On 2 May 2012, at 15:31, Stevan Harnad wrote:

> On 2012-05-02, at 9:28 AM, Jan Velterop wrote:
> 
>> On 2 May 2012, at 13:32, Stevan Harnad wrote:
>>> 
>>> Andrew is so right (and the current UK government is showing as much good 
>>> sense in turning to JW as they showed for many years in turning to RM).
>>> 
>>> Wikipedia is based on the antithesis of peer review. Asking JW to help make
>>> sure peer-reviewed research is available to all is like asking McDonalds to
>>> help the WHO/FDA make sure that wholesome food is available to all.
>> 
>> Ach, come off it, Stevan. By your reckoning arXiv is also the antithesis of 
>> peer review. Would you talk in the same way about Paul Ginsparg?
> 
> Arxiv contains preprints of articles before and after peer review. Arxiv 
> does not do peer review. Neither do institutional repositories.

And Wikipedia doesn't either, so why is that the antithesis to peer review?
> 
> (Why do you ask about Paul Ginsparg?)
> 
>> OA will gain from more involvement of people who understand diplomacy, 
>> persuasion, and yes, 'marketing'.
> 
> At the moment, Jimmy Wales does not have a clue about what are the real 
> problems of getting OA provided by researchers; nor does he have a clear 
> understanding of (or any experience with) peer review.

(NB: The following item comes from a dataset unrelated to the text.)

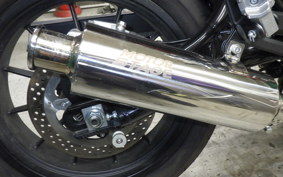 HARLEY X500 2024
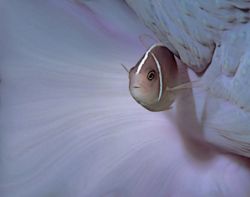 Manado, Indonesia, 105mm lens and two flashguns. Pink Ane... by Len Deeley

He knows and understands far more about OA that you presume (on the basis of 
what do you presume that, actually?). For a start, he has been 'educated' on 
all matters OA by Melissa Hagemann herself. 

> 
> This can all be remedied, if someone has JW's ear, and he listens and 
> understands.
> 
> Then JW can be a helpful (though no doubt expensive

Expensive? No-doubt? You didn't read the article in The Guardian, did you? 
There it says "… he was brought in by No 10 as an unpaid adviser to 
government on crowdsourcing…".

> ) conduit to the ears of 
> those (David Willetts?) who are in a position to do what needs to get done to 
> make the RCUK mandates work.
> 
> Meanwhile, regarding diplomacy and persuasion, I suggest that you give 
> more weight to what Professor Rentier has posted 
> about academia's attitude to Wikipedia. We are trying to win researchers 
> over to providing OA to their peer-reviewed research -- not to win them 
> over to some fantasied Wikipedia-style alternative to peer review.
> http://mailman.ecs.soton.ac.uk/pipermail/goal/2012-May/000372.html
> 
> We've been down this path so many times, Jan. Is the appointment of a 
> celebrity name now to be the occasion for rehearsing it all yet again?

I know somebody who is infinitely more repetitive with his views than I am with 
my views.

> 
> It's not diplomacy that's needed; it's effectively formulated and implemented 
> policy. The RCUK already leads the rest of the world in OA, but its OA policy 
> needs tweaking to make it effective.